• [Directions]: Beneath this line sits some data. Return only its lines from the one holding "Vital Bloom Natural Vital Bracelet" through the one holding "Item preview, Throw", inclusive, exactly, with the images removed.

• [Exercise material]:
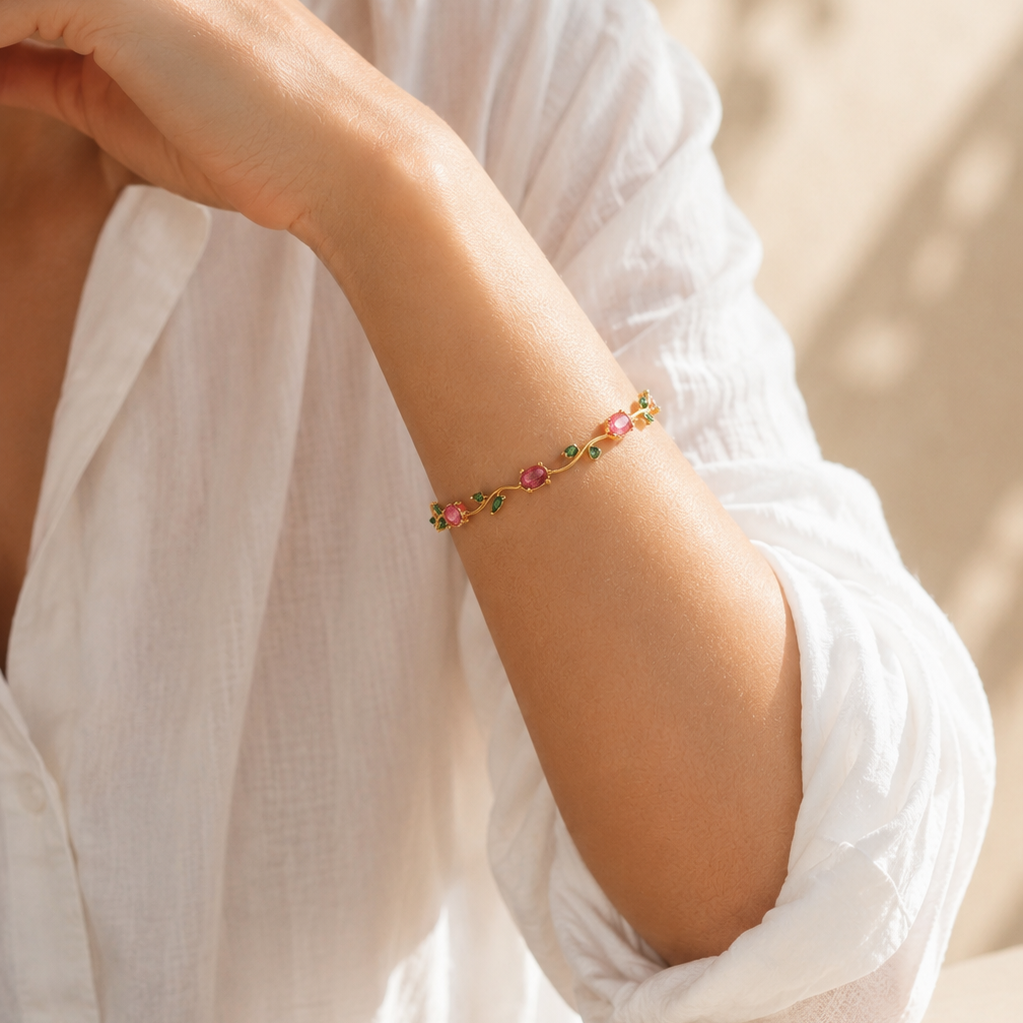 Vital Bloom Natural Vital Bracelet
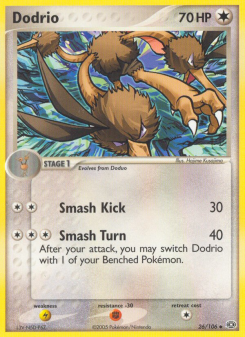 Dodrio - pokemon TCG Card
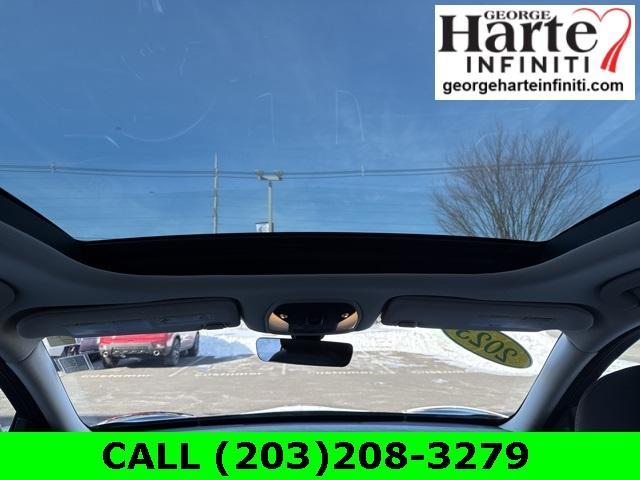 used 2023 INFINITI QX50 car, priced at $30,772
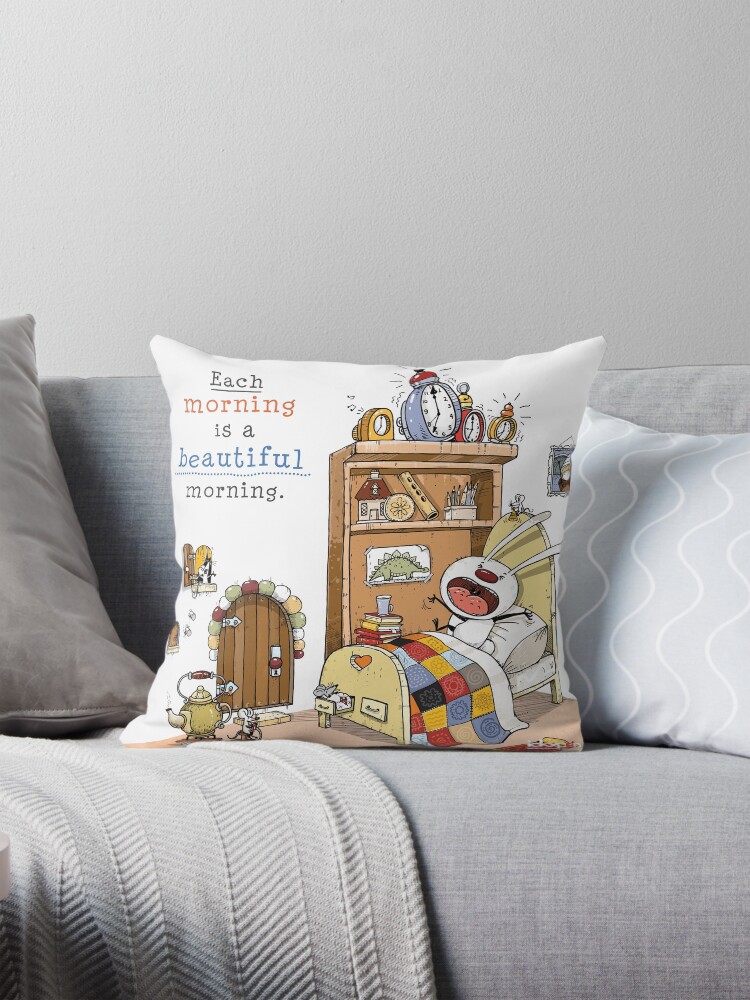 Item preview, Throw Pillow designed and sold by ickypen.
==
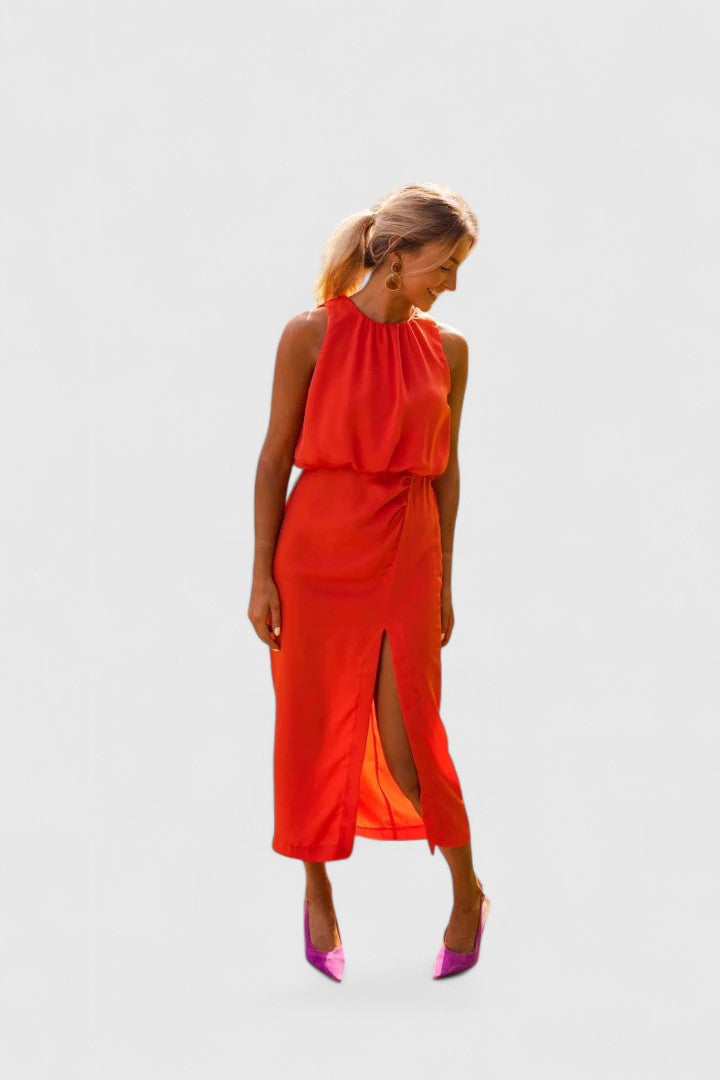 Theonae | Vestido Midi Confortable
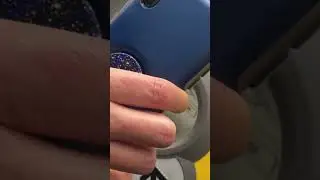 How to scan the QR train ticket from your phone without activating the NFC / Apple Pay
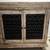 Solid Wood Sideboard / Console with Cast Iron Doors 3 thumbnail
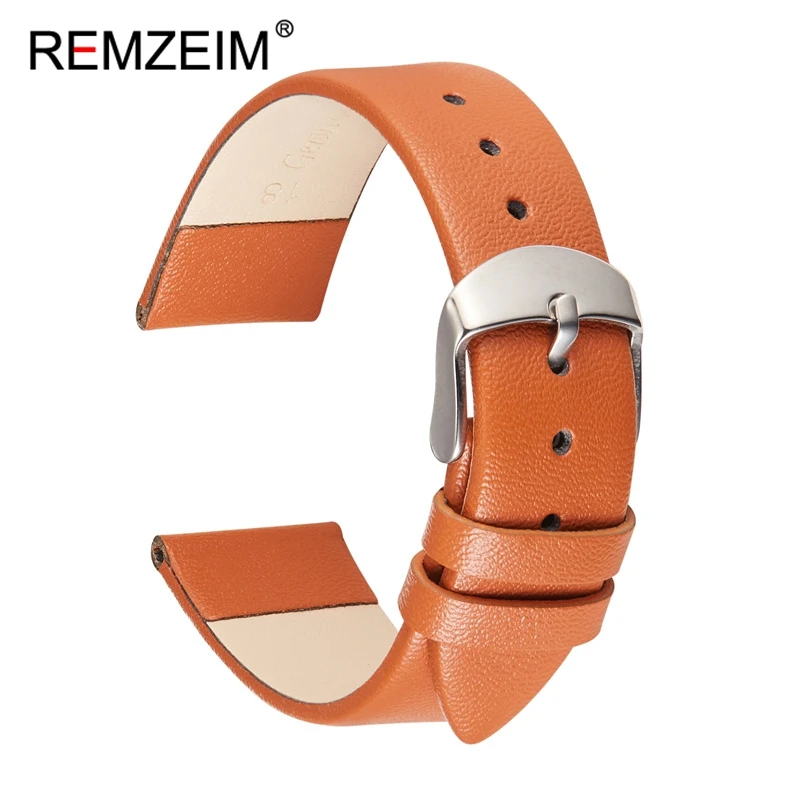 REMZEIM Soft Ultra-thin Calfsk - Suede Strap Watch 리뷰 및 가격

• [Answer box]:
 Vital Bloom Natural Vital Bracelet
 Dodrio - pokemon TCG Card
 used 2023 INFINITI QX50 car, priced at $30,772
 Item preview, Throw Pillow designed and sold by ickypen.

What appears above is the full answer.